Jules François Archibald (1856-1919) is best known as the founder and editor of The Bulletin, yet he was also a literary journalist, contributing to The Bulletin’s first issue (1880).
Born in Victoria as John Feltham Archibald, he renamed himself ‘Jules François’ claiming French heritage from his mother. He began his journalism career as an apprentice printer, then moved to reporting. Archibald was ambitious and according to biographer Sylvia Lawson (2006), submitted a story to the Argus about the Melbourne Immigrant’s Home, but the paper had already accepted an article on the Home by the undercover journalist ‘The Vagabond’ (John Stanley James).
Archibald was initially disillusioned, but after a brief career change as a mining clerk in North Queensland, returned to Sydney and connected with journalist John Haynes, who was editing the Evening News. Haynes sent Archibald to Mt Rennie, near Mudgee NSW, to cover the unjust hanging of an Indigenous man (1879).
The following year, Haynes and Archibald launched The Bulletin; Haynes focussing on advertising and distribution, and Archibald writing and editing copy.

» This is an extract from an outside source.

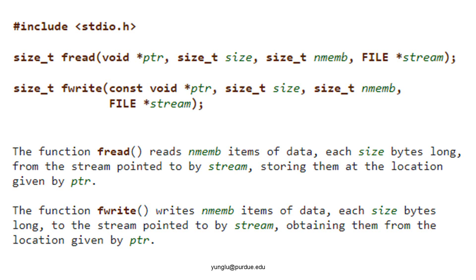fwrite does the opposite. It takes the data from a piece of memory and saves the data into a file. The first argument is the starting address of this piece of memory. The second argument is the size of each element. The third argument is the number of elements. The fourth argument is a file pointer.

In the first issue, published on 31 January 1880, Archibald wrote the lengthy work of literary journalism “Wantabadgery Bushrangers”, detailing the execution of Andrew Scott (Captain Moonlite) and Thomas Rogan at Darlinghurst Gaol.
Sylvia Lawson writes that on his death in 1919, aged 63, Archibald left an endowment to The Benevolent Fund of the Australian Journalists’ Association ‘for the relief of distressed Australian Journalists’ rents, mortgages, medical, hospital and funeral expenses, even food, clothing and school fees’ (2006: 319).